I still keep up with the NYT a bit. I agree that there's way too much uber-partisanship blocking what's left of good writing and reporting.
Over the last couple of years, I've often find that the commenters push back on the stupidest, craziest, most bitterly partisan shit in the comments section, but I've noticed that this has changed quite a bit in the last few months, and especially most recently.
The open message board and comment board section of the internet seemed to die with the election of Trump. Any YouTube video, or news piece, and music or movie review had a comment section was lousy with edgy, annoying teenagers eager to gleefully offend in the most profane ways, and we all just ignored it, and we were happier as a society then. Now, a midwit-engineered Substack hit piece can be published in the Atlantic based on a couple of accounts with maybe a dozen followers, and the media convinces themselves there's some sort of dangerous extremist sleeper cell in America — a near-majority of Americans even.
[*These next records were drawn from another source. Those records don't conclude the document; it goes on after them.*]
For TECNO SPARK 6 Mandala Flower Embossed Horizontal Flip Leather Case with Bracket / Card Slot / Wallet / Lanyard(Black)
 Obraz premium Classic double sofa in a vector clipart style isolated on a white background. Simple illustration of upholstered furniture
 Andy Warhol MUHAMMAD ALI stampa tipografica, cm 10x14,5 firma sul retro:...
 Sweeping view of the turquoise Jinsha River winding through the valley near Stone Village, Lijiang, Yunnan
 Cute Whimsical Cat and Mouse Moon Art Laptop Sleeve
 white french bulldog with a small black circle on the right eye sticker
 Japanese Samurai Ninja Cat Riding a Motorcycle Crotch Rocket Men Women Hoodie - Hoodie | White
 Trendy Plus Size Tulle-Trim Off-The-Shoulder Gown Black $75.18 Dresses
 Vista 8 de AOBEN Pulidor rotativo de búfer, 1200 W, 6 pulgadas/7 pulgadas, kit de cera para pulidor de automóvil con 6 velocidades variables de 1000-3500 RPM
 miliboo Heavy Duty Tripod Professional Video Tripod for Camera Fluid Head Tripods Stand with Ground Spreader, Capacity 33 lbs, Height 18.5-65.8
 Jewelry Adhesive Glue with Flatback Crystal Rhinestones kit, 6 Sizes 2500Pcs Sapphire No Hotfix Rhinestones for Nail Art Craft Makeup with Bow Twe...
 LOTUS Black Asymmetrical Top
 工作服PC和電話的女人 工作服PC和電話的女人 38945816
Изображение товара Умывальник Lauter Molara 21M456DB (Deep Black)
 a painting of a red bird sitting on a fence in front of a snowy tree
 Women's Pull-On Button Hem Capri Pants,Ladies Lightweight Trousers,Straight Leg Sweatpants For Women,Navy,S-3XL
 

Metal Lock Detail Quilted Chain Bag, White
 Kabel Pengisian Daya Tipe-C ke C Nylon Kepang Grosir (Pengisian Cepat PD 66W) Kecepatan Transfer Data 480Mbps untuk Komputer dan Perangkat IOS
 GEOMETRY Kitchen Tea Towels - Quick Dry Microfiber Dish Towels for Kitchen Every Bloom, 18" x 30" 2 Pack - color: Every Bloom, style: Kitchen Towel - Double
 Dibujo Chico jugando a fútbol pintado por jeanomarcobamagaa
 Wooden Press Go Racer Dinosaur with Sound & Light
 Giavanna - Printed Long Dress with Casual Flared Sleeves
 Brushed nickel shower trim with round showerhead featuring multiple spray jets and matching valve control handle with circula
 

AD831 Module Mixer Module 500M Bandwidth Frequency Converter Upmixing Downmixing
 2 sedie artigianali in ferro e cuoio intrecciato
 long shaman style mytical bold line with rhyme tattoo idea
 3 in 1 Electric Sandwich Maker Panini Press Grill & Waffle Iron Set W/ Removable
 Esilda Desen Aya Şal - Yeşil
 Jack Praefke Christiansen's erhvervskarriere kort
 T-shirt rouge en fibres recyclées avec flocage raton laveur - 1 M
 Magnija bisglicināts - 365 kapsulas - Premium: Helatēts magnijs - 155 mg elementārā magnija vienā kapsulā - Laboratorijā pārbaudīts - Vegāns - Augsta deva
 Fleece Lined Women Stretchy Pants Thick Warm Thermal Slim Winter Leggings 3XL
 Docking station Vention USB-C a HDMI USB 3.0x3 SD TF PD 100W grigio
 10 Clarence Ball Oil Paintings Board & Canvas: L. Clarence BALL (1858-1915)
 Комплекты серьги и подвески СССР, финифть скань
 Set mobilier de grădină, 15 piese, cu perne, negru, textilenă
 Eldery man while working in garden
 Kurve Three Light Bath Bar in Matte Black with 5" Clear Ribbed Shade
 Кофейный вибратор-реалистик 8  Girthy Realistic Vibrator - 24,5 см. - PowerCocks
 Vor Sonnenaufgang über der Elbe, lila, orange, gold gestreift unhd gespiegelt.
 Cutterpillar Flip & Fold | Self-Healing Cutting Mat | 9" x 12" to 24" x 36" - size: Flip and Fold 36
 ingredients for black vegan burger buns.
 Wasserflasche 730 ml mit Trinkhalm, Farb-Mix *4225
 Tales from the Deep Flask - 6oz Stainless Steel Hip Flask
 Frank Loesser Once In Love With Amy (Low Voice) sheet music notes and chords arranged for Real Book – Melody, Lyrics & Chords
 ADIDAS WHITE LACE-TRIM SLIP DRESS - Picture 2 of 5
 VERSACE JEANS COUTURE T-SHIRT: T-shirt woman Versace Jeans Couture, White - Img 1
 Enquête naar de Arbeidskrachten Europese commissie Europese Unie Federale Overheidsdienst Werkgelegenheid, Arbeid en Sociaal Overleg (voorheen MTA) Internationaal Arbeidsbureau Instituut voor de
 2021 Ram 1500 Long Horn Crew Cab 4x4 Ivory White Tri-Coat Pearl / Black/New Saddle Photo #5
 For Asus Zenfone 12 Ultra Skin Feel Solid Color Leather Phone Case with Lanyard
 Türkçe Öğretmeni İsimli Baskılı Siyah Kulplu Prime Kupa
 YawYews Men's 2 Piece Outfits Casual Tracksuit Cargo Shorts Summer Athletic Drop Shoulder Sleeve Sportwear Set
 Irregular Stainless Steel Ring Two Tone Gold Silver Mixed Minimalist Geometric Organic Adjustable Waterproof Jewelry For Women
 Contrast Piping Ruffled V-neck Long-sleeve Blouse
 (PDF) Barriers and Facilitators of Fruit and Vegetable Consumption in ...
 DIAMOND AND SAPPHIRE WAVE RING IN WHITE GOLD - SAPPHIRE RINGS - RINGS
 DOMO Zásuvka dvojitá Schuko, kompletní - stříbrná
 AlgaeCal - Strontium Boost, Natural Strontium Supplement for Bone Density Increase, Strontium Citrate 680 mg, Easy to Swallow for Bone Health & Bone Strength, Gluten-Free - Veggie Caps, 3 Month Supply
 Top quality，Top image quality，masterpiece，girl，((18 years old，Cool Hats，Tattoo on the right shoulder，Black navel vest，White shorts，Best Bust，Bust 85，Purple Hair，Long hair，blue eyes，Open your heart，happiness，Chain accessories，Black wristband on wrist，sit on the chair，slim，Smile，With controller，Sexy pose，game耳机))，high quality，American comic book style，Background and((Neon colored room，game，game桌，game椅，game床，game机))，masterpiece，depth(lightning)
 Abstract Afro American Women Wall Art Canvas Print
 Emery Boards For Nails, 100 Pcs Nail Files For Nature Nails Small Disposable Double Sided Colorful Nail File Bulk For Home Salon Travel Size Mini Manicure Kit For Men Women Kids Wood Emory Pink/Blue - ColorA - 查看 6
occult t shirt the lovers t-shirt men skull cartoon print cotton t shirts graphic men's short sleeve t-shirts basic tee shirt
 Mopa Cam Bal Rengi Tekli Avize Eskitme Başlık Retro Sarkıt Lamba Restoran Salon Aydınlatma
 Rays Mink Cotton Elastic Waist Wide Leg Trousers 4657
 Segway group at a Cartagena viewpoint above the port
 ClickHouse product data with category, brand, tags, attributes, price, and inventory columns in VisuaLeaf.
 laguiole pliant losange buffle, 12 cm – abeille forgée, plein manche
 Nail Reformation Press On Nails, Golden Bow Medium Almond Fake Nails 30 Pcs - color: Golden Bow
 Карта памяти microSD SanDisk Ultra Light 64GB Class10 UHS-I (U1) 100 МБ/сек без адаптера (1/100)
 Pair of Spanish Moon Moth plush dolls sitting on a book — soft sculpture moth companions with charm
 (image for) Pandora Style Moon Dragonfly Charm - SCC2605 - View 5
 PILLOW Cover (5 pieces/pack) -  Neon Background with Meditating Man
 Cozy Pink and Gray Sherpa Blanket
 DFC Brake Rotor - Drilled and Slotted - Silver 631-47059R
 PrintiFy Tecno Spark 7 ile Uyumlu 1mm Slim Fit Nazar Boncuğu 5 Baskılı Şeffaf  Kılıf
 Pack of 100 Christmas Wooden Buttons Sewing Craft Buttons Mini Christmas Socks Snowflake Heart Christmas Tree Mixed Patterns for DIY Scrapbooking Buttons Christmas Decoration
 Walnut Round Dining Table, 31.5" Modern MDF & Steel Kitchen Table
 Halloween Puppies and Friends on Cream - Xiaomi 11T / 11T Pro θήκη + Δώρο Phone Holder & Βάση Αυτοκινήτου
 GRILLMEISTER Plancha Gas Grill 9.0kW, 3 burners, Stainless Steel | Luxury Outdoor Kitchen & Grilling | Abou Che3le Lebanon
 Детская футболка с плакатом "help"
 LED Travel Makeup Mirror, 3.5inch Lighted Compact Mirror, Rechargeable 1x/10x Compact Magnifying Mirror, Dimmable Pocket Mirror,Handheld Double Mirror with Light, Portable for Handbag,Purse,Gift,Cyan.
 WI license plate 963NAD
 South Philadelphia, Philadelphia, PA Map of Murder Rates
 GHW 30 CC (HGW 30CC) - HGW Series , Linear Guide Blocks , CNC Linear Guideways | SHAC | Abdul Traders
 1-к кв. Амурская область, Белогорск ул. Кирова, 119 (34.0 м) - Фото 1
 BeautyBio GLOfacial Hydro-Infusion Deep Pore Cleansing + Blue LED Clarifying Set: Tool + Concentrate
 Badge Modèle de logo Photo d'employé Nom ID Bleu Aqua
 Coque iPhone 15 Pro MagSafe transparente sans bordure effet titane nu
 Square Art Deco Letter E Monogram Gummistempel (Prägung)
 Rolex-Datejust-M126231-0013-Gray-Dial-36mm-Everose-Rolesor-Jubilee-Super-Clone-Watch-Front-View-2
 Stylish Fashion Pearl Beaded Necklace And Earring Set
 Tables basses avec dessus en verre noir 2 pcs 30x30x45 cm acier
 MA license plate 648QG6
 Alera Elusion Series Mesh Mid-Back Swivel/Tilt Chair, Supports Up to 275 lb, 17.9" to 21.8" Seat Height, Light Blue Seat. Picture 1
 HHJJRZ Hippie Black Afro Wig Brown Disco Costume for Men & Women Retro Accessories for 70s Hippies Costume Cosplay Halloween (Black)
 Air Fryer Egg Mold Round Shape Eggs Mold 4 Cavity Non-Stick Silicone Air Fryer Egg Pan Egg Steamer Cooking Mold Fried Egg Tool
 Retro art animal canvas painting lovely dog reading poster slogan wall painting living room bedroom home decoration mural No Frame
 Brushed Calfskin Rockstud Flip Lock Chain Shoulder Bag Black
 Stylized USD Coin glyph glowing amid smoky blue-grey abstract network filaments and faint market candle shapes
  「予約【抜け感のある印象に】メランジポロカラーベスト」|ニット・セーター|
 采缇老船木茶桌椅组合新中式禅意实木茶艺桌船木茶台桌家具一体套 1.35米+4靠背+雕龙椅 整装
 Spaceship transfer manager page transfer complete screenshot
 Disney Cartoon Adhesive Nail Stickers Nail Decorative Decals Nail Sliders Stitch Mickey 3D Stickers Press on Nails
The New York Times seems to think that allowing their subscribers to share their honest thoughts and opinions is dangerous — in the opinion section of a storied newspaper, where opinions are becoming the bulk of their content, no less. Likewise, the "radical center"/scared insider branch of our political landscape seems to think that the only way to "save democracy" is to suppress the will, thoughts, speech — and preferred candidates — of the voters.